TASK DESCRIPTION » Write out, exactly and in full, the line where "Image similar to" appears together with all lines that follow it in the entries below. Do not include pictures.

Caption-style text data

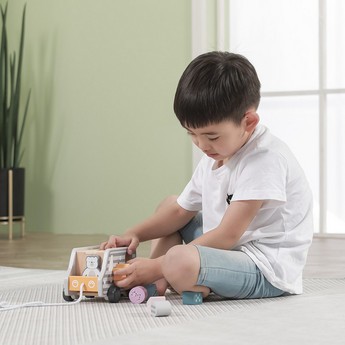 PolarB Pull-Along Shape Sorting Truck Toy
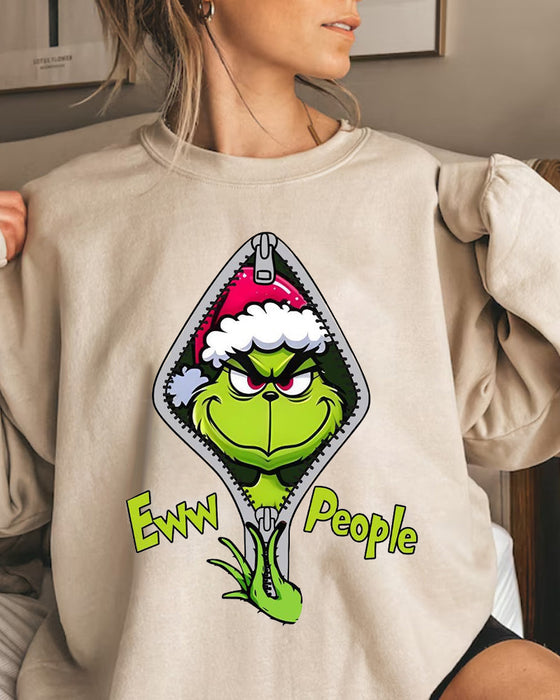 Lässiges Sweatshirt mit Grinch-Cartoon-Buchstaben-Aufdruck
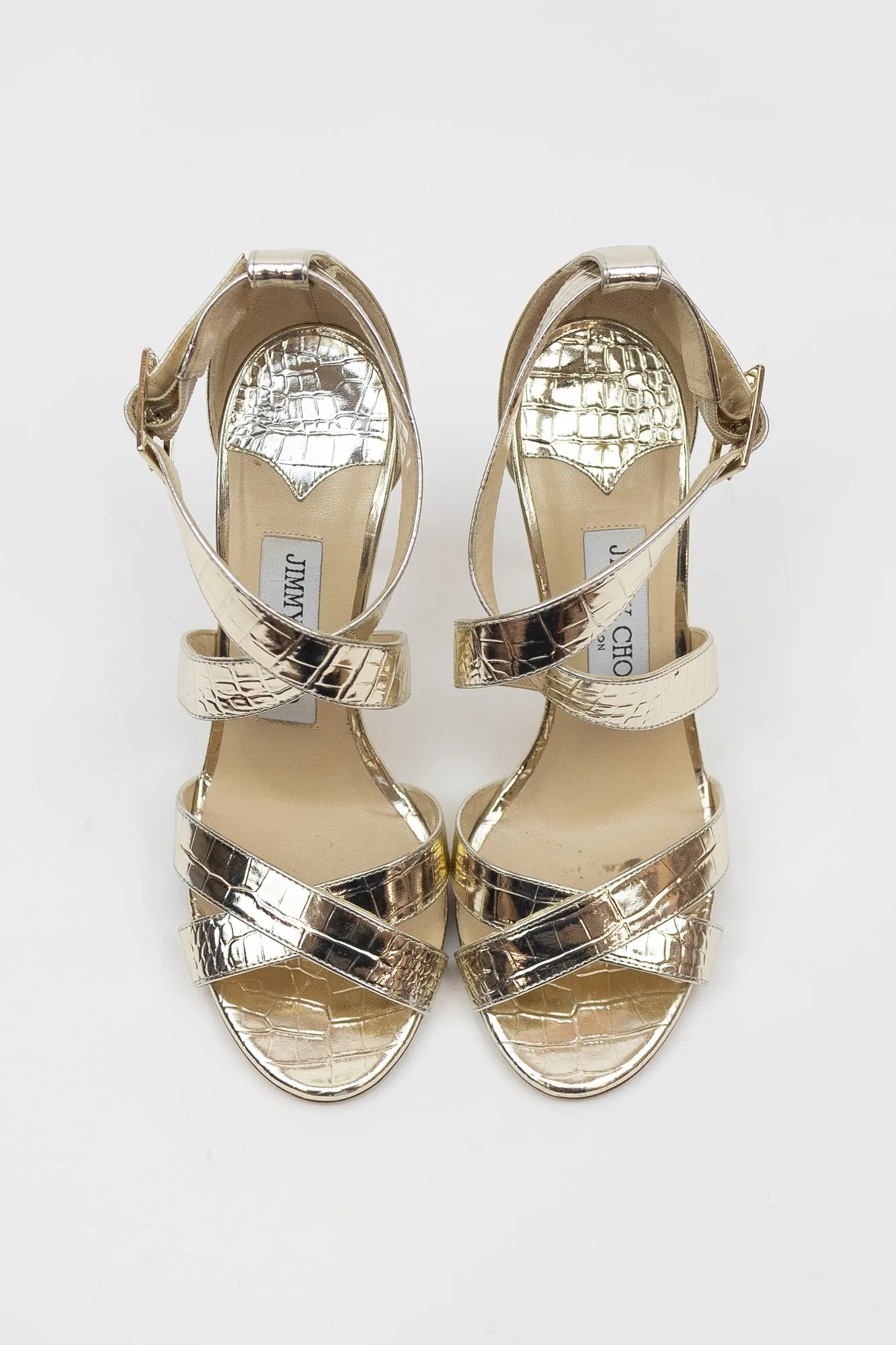 Strappy Gold Open Toe Pump Sandals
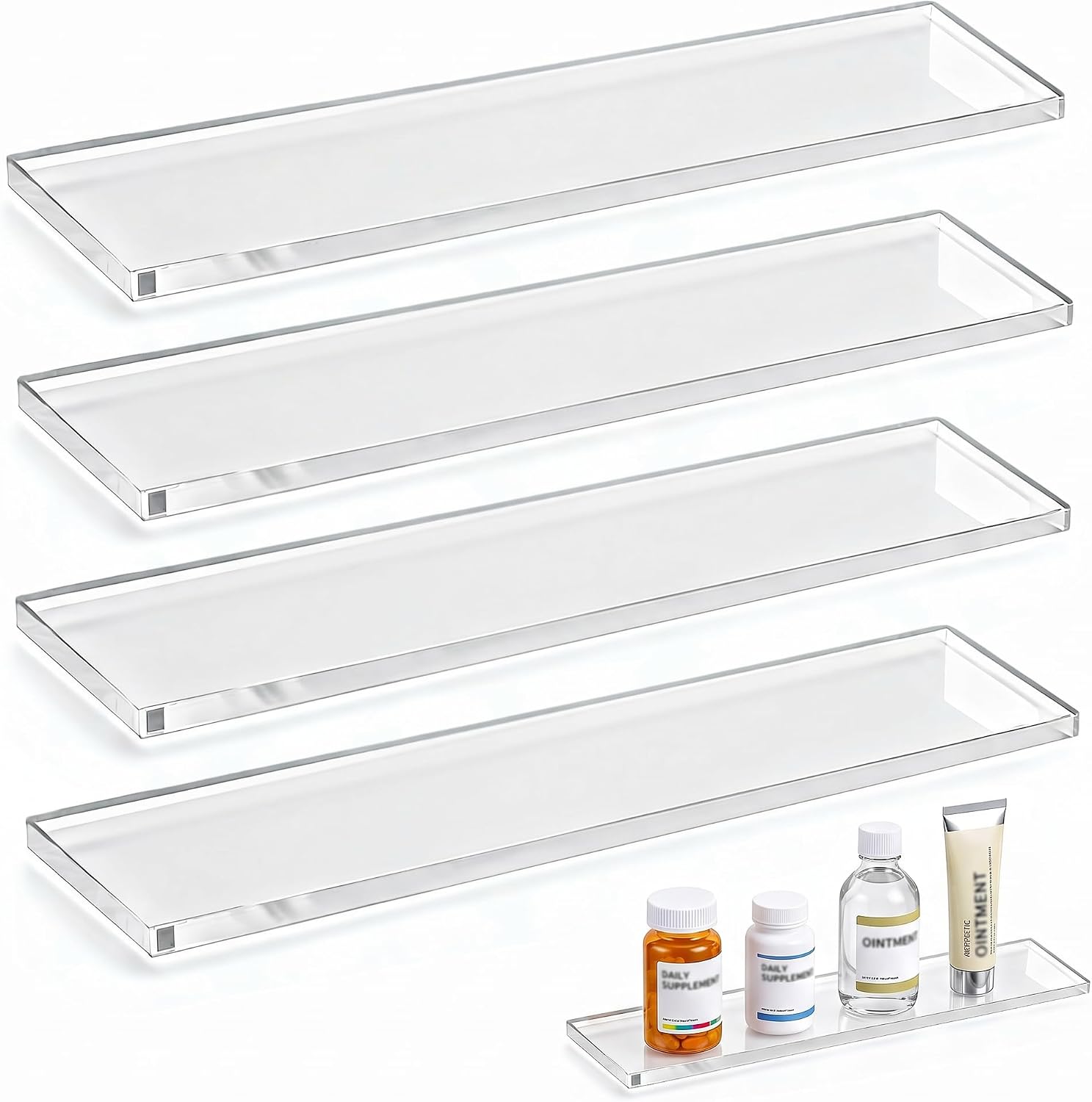 4PCS Acrylic Medicine Cabinet Shelves Replacement,13.00x2.99x0.31Inch Shatterproof High Clarity Clear Shelf Insert,Wall Mounted Hanging Organizer for Bathroom Kitchen Living Room Bedroom Cabinet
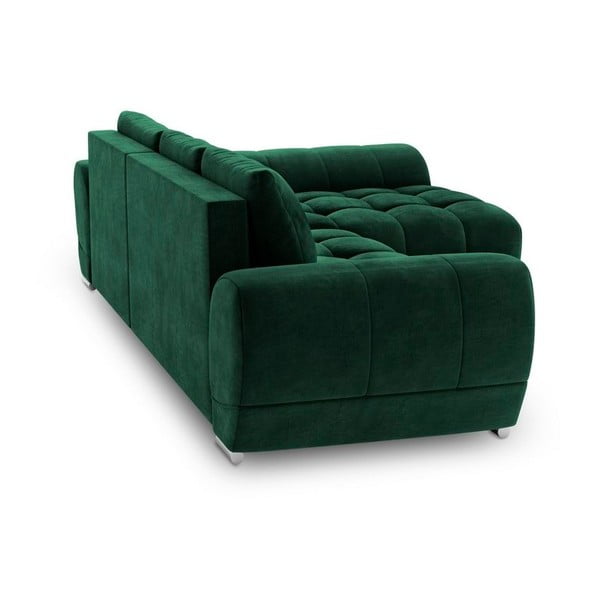 Divano letto angolare verde chiaro con rivestimento in velluto, angolo destro Nuage - Windsor & Co Sofas-image-3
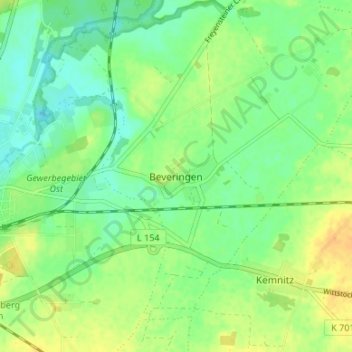 Topografische kaart Beveringen, hoogte, reliëf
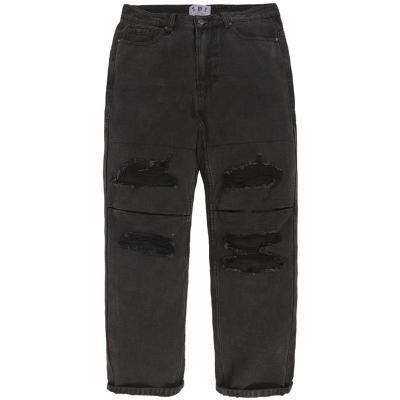 China Breathable Damage Washed Black Perforated Mens Jeans Trousers Dark Series Worn Straight Pants for sale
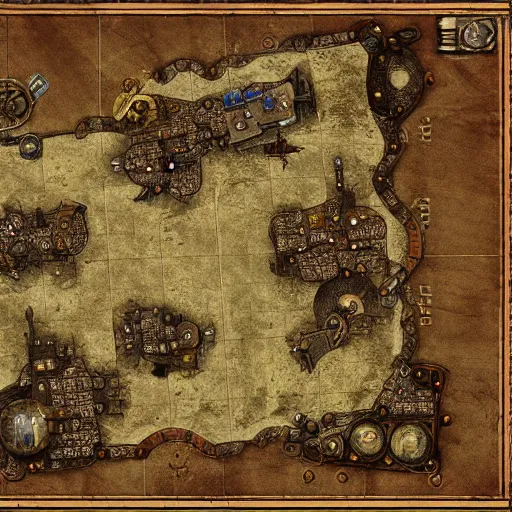 Image similar to roleplaying game table top map a steampunk town, perfect textures, 8k, high details, neat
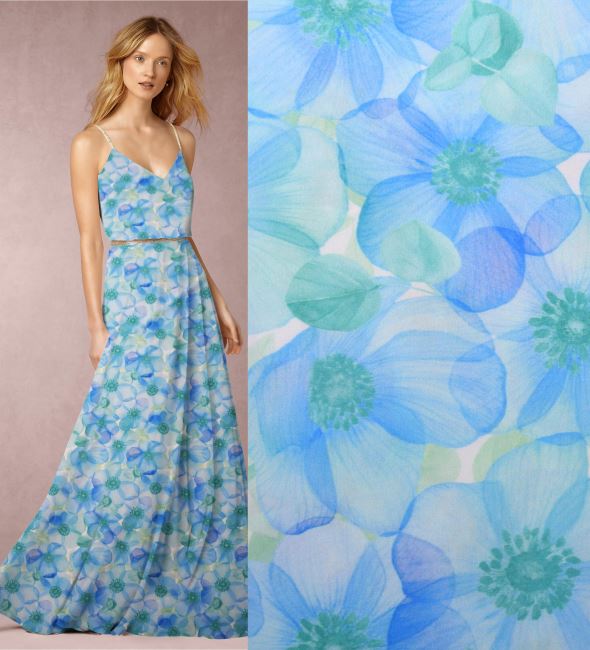 Sztuczny jedwab Silky z cyfrowym nadrukiem kwiatów niebieskich kwiatów AV2200005S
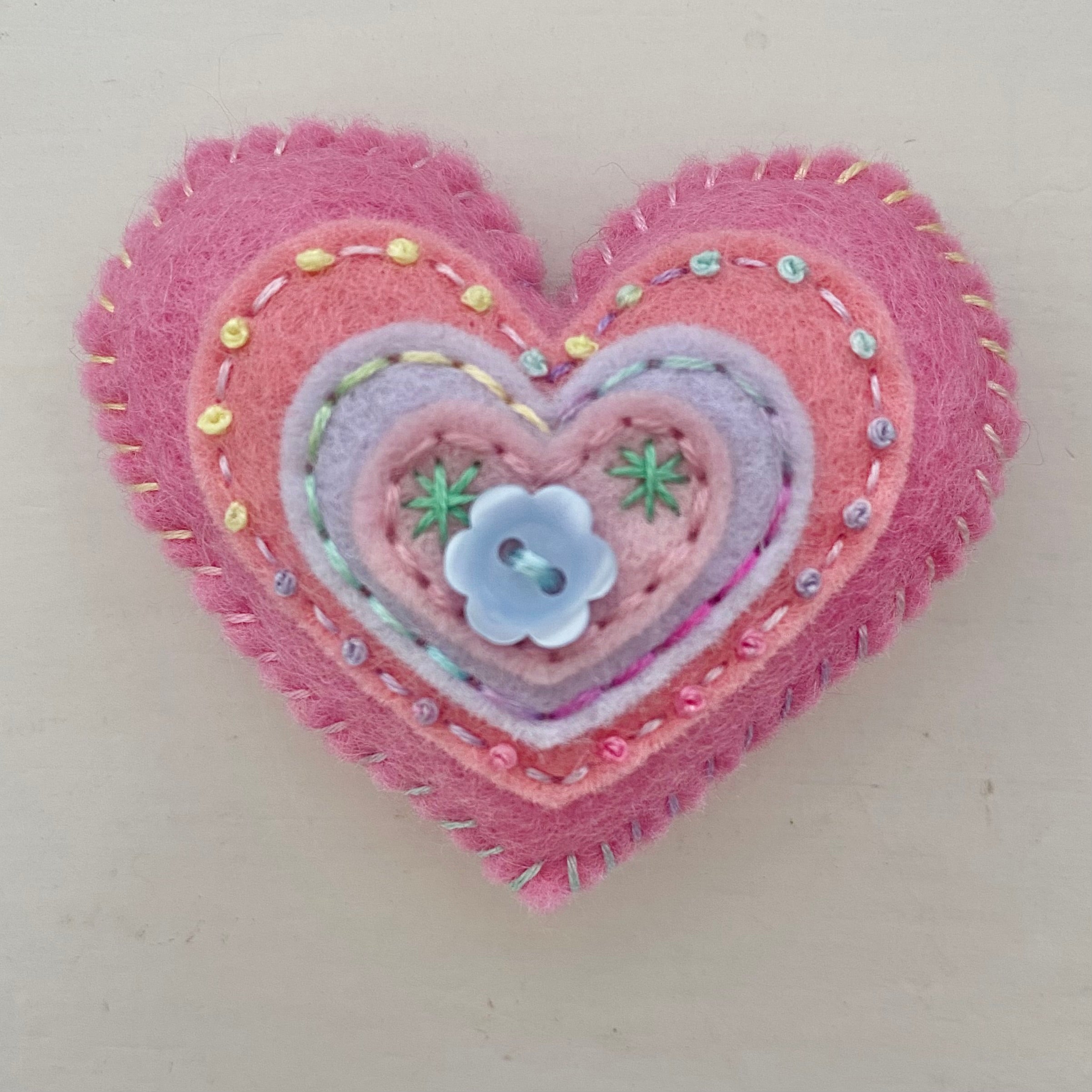 Embellished Heart with 4 Layers PASTEL (6cm)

RESULT OF THE EXERCISE »
 Image similar to roleplaying game table top map a steampunk town, perfect textures, 8k, high details, neat
 Sztuczny jedwab Silky z cyfrowym nadrukiem kwiatów niebieskich kwiatów AV2200005S
 Embellished Heart with 4 Layers PASTEL (6cm)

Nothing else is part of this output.